------ Dataset extract ------

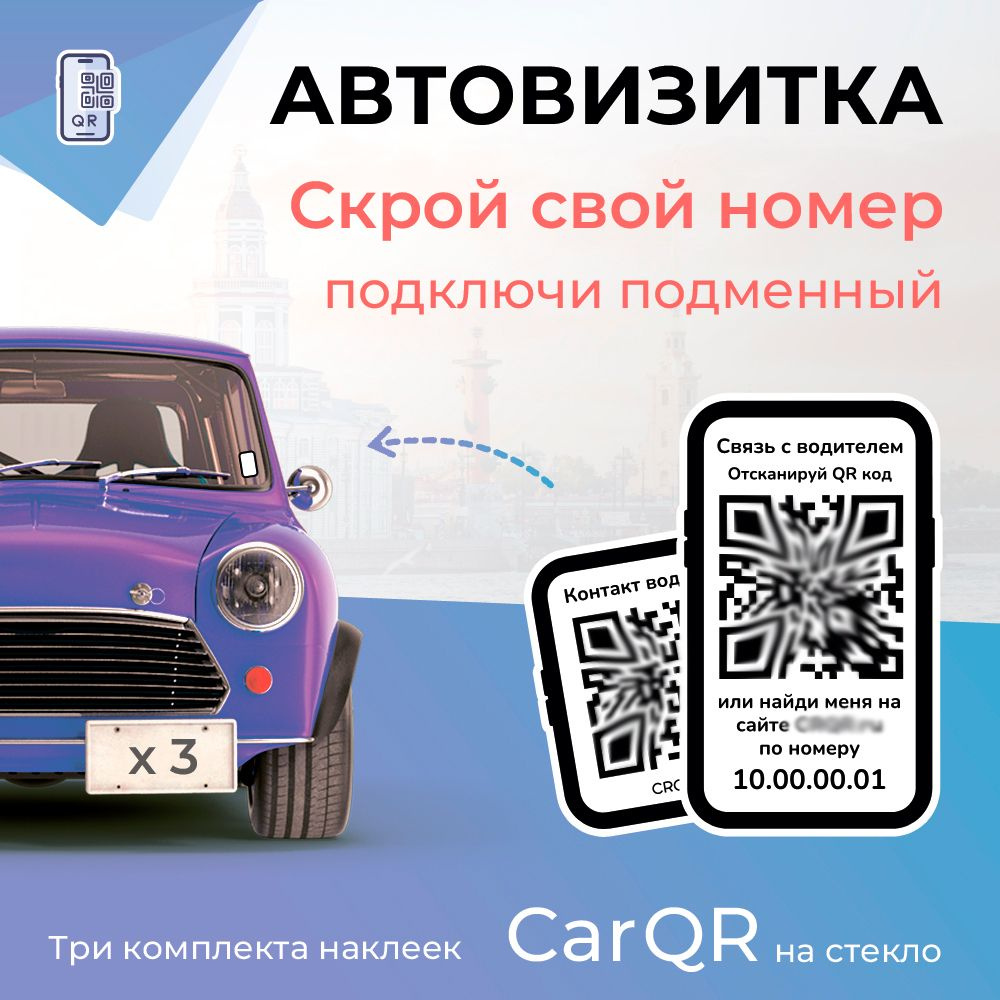 Автовизитка CarQR - 3 комплекта наклеек на стекло Car QR #1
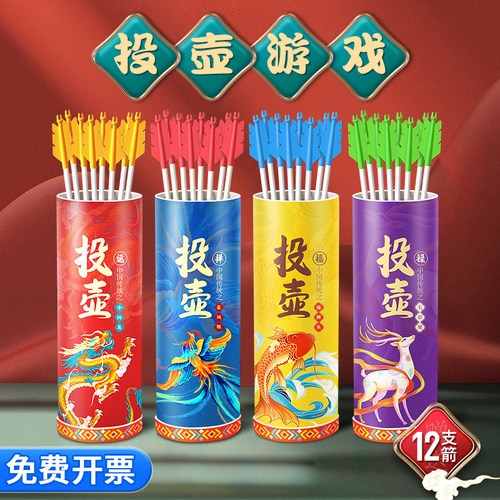 投壶游戏趣味团建活动游戏道具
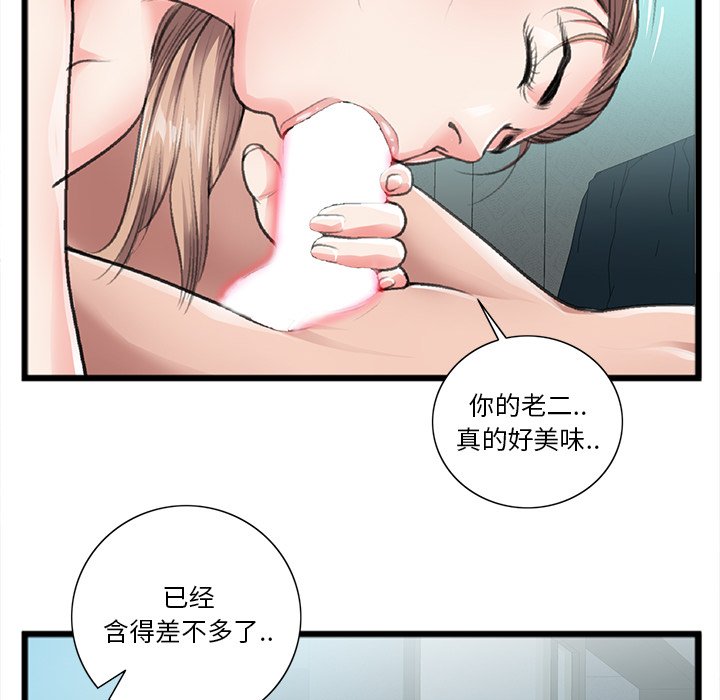 第21话 第 29 页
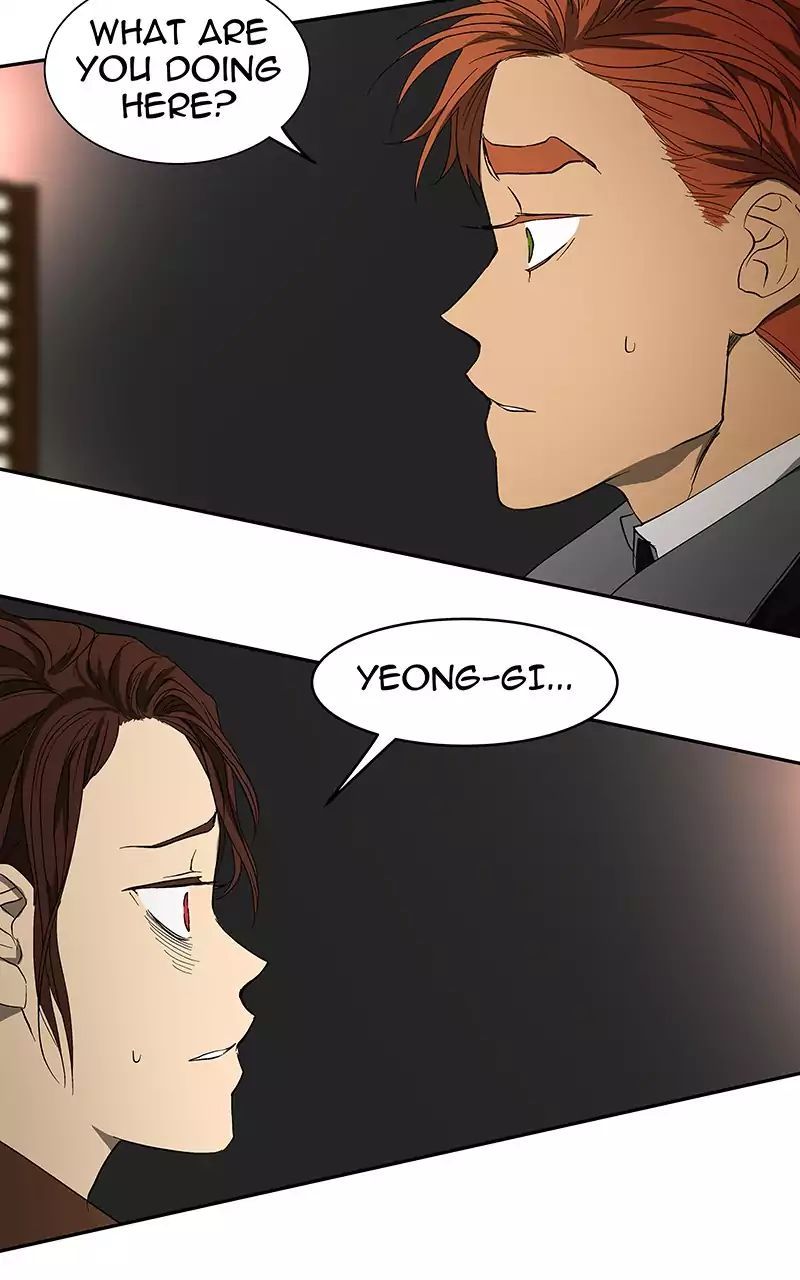 I Love Yoo Chapter 55 page 17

------

■ Activity: You are asked to reproduce each line above exactly, but to exclude the pictures.

■ Answer to this problem:
 Автовизитка CarQR - 3 комплекта наклеек на стекло Car QR #1
 投壶游戏趣味团建活动游戏道具
 第21话 第 29 页
 I Love Yoo Chapter 55 page 17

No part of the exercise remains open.